Few States Regulate Outside Campaign Money
By Kathleen Murphy, Staff Writer
Out-of-state money is pouring into Florida to influence the outcome of the race for governor in the Sunshine State, which political experts regard as a a bellwether for the 2002 election and possibly the 2004 presidential race.
Former Attorney General Janet Reno, the best-known member of the field of Democrats vying to oppose Republican incumbent Jeb Bush in the November balloting, raised 26 percent of her $664,000 campaign war-chest outside of Florida last year, state records show.
Pete Sklar, an El Cerrito, Calif. accountant, said he gave $25 to Reno because he believes she would help fix Florida's election process.
"I think the Florida presidential election was certainly influenced by a lot of people from outside Florida," Sklar told Stateline.org, referring to Republican George W. Bush's defeat of Democrat Al Gore in 2000 in an election marred by widespread charges of voting irregularities in Florida.
Attorney Bill McBride, the other leading candidate in this year's Florida Democratic primary, collected 14 percent of his $987.000 in campaign contributions out of state. This was the same percentage as Bush, who is unchallenged for the GOP nomination.Bush raised $2.9 million last year.
Only a handful of states --- Alaska, Michigan, Nebraska, Washington, and Wisconsin-- regulate out-of-state contributions, according to the National Conference of State Legislatures.
In Alaska, total contributions to gubernatorial candidates from non-residents are limited to $20,000.
In Michigan, a law that went into effect last month places a $34,000 limit on the amount of money a group can bundle together and send to a candidate for statewide office. Republican Gov. John Engler signed the bill into law because he "wanted to keep Michigan elections in the hands of Michigan voters," said spokeswoman Susan Shafer.
Nebraska requires candidates for state office to raise 25 percent of funds needed to qualify for matching public campaign funds from Nebraska residents.
Washington bars campaign contributions from businesses which operate out of state and unions and political action committees with fewer than 10 members who are Washington residents.
Wisconsin requires non-resident committees making contributions to register with the secretary of state.
In the past five years, federal courts have struck down restrictions on out-of-state contributions in Oregon and Vermont.
Campaign reform advocates say out-of-state interests shouldn't be able to exert influence in state political campaigns, but others argue that crossing state lines helps less-wealthy candidates, especially women and minorities, draw on a wider pool of contributors.
Joe Solmonese, chief of staff for Emily's List, a national organization that supports pro-choice Democratic women candidates throughout the country, said the new Michigan law is a thinly-disguised GOP message that women should stay in the kitchen and keep out of politics.
Two of the four candidates for the 2002 Democratic gubernatorial nomination in Michigan are women: Attorney General Jennifer Granholm and State Sen.
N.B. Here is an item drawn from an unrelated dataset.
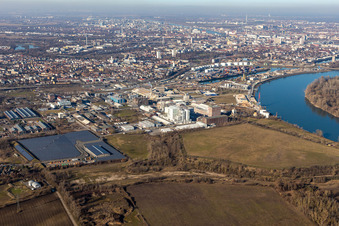 Vue oblique de Zone industrielle et commerciale à le quartier Rheingönheim in Ludwigshafen am Rhein dans le département Rhénanie-Palatinat, Allemagne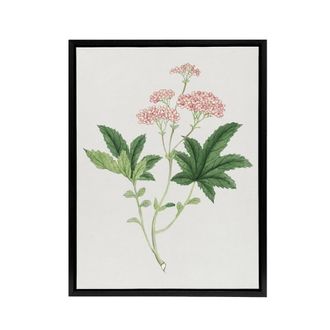 Artery8 Shimotsuke Flower Framed Canvas Wall Art Print Vintage Japan Botanical in Pink | Size: W24 x H32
Alma Wheeler Smith.
"The entire bill is an attempt to stop Emily's List from being able to operate in the state of Michigan," Solmonese said. "We're the only (outside) group it would have an effect on in this election cycle."
Republican State Sen. Loren Bennett, who sponsored the measure, denies any malevolent political intent. "It just makes a level playing field here in Michigan. We're just saying that someone running for office in the state of Michigan can't leave the state (to raise money) to circumvent the law," he says.
Out-of-state money doesn't necessarily produce votes. According to a study by The Virginian-Pilot, a Hampton Roads newspaper,. Republican gubernatorial candidate Mark Earley got more out-of-state money (37 percent) than Democrat Mark Warner (31 percent) in last year's election.
Earley's non-Virginia supporters got little to show for their donations. Warner was elected governor of the Old Dominion by a decisive margin.